The male lyrical ‘I’ employs diverse strategies to achieve his aims, including some that are typical of Oïl-language texts: the use of gifts, such as jewellery or dresses, or, in some cases, rape. The latter motif appears in almost a quarter of the surviving French pastourelles. In some cases, in which the brutality of the male protagonist is clear, the genre may have been used to express social resentment against knights, perhaps by the rising bourgeoisie of Artois, of which several authors of pastourelles (starting with Jean Bodel himself) were a part. Other scholars see, in these amorous dynamics, scenes intended to amuse the upper social classes, including the ridiculing of rural inhabitants.
There are distinct features of the French pastourelle that accentuate the theatrical dimension inherent in the genre, particularly through the dialogical exchange between the protagonists. Oïl-language texts depict a much more populated rural world than their Occitan counterparts, a world where shepherds and shepherdesses bear characteristic names that clearly identify each character in the bucolic scene (Robin, Perrin; Marion, Marot, etc.). The theatrical element is also present in another lyrical-narrative type of pastourelle —less prevalent than the ‘classical’ type but well represented in the North, and almost absent in the South— the so-called ‘objective’ type. In this case, the lyrical ‘I’ observes and sometimes participates in discussions and country scenes involving shepherds and shepherdesses. The text culminates in the portrayal of the dialectical dynamics between the various characters that enliven the rural space.
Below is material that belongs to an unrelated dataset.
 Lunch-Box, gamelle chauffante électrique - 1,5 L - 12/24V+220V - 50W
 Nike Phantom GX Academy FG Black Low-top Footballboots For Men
Within northern French culture, the rural scenes brought to life in the pastourelles were soon also represented in theatrical contexts. One of the two jeux described by Jacques Bretel in his Tournoi de Chauvency (1285), entitled Robardel, is set as a dance depicting the courtship between a shepherd and a shepherdess. But the most significant stage adaptation of the pastourelle is undoubtedly the Jeu de Robin et Marion by Adam de la Halle, a poet from Arras and the first medieval playwright to stage secular themes. This piece, commissioned by Charles I of Anjou (a king who, at least in his youth, was also a troubadour), was performed in Naples between 1282 and 1285. Its first part dramatizes a ‘classical’ type of pastourelle, the attempted seduction of a shepherdess by a knight. The second part is a pastourelle of the ‘objective’ type, with a significant focus both on the second failed amorous attempt by the male character and also on the description of the rites and games of a large country feast. The stage action includes poetic texts to be sung, revealing the lyrical universe that serves as a reference model for the theatrical representation, in a mise en abyme that demonstrates the rich dramatic potential of the French pastourelle.